:: Given data ::

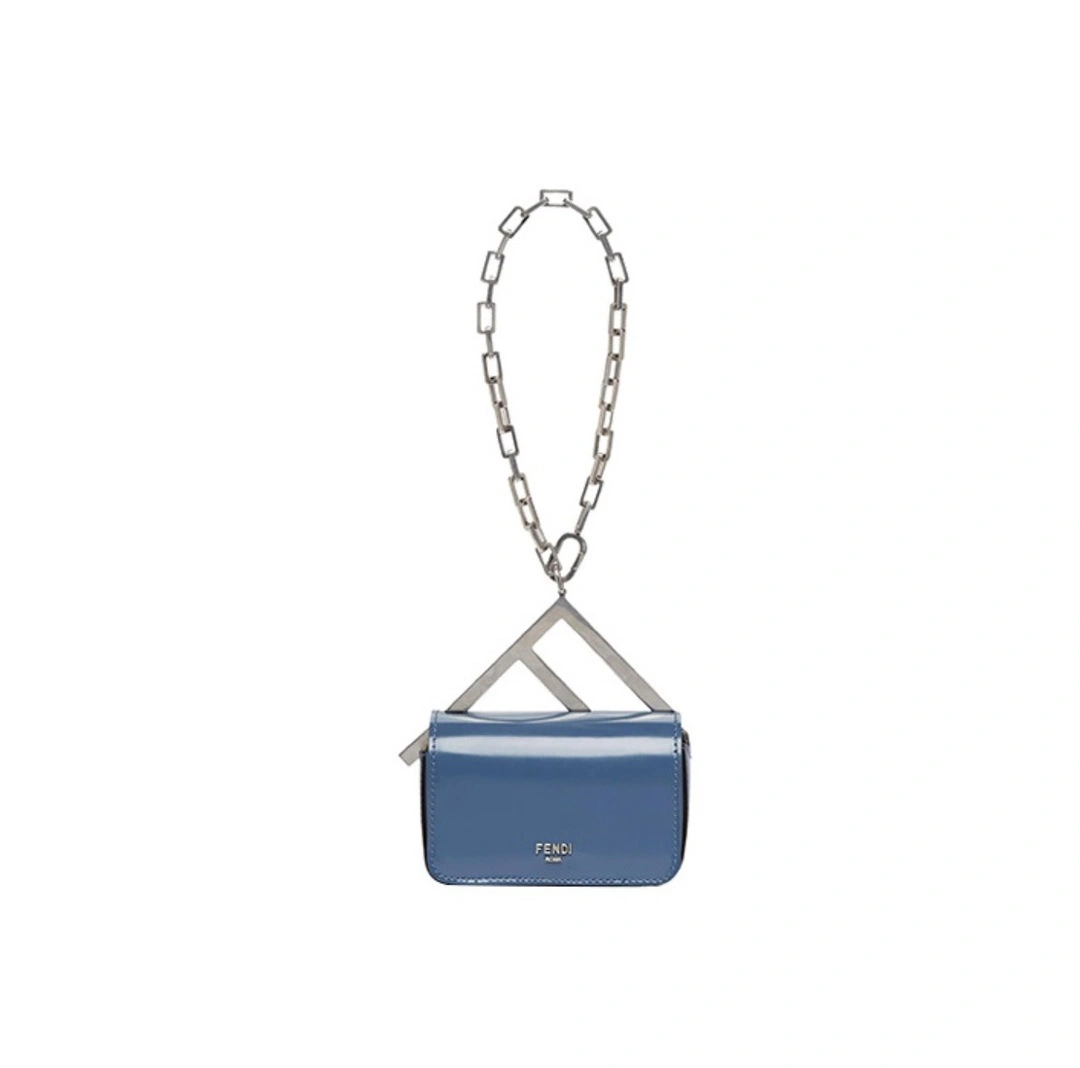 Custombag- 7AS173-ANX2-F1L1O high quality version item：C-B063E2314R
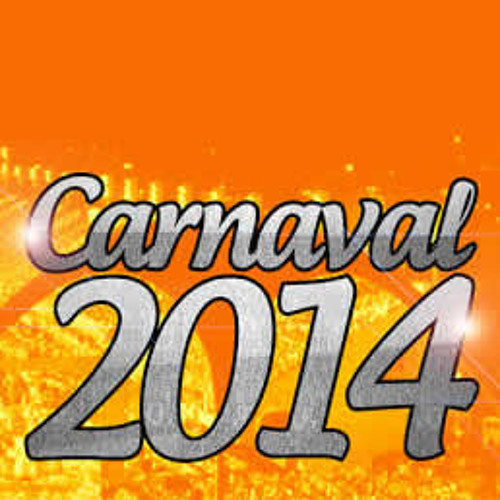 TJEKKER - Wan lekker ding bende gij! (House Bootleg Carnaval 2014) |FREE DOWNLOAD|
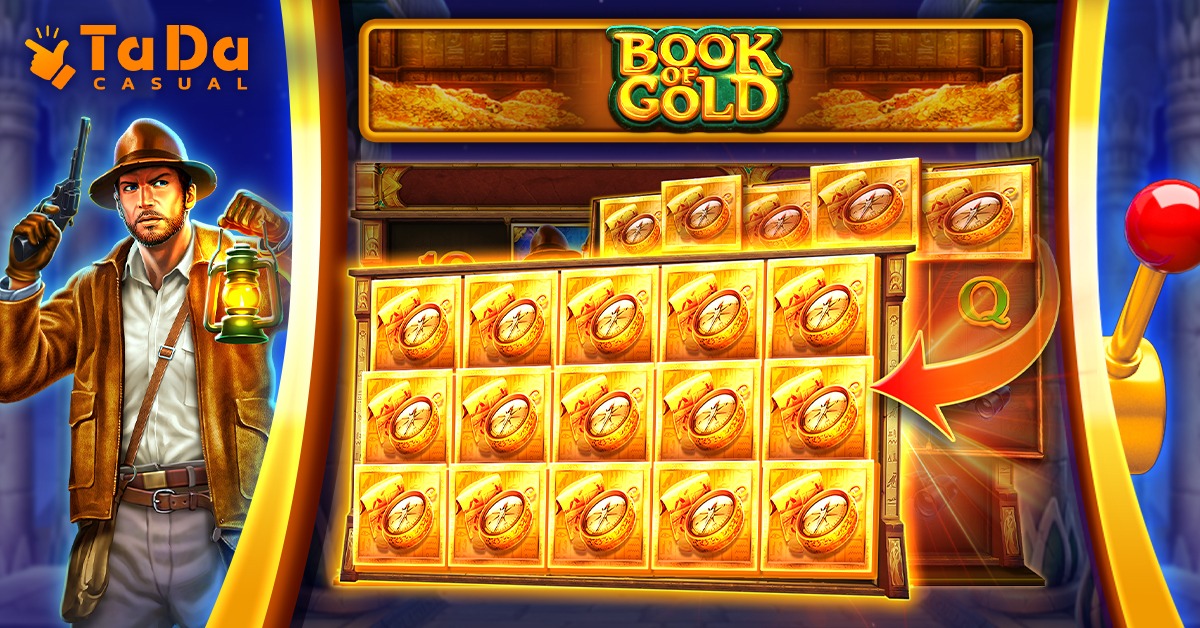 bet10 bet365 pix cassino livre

:::
:: Given data ::

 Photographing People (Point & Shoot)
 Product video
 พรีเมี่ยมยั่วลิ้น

:::

** Prompt **
Among the entries above, locate the line with "TJEKKER - Wan" and the line with "bet10 bet365 pix cassino livre". Give those two lines and all lines between them again, exactly, leaving out the pictures.

** Exercise response **
 TJEKKER - Wan lekker ding bende gij! (House Bootleg Carnaval 2014) |FREE DOWNLOAD|
 bet10 bet365 pix cassino livre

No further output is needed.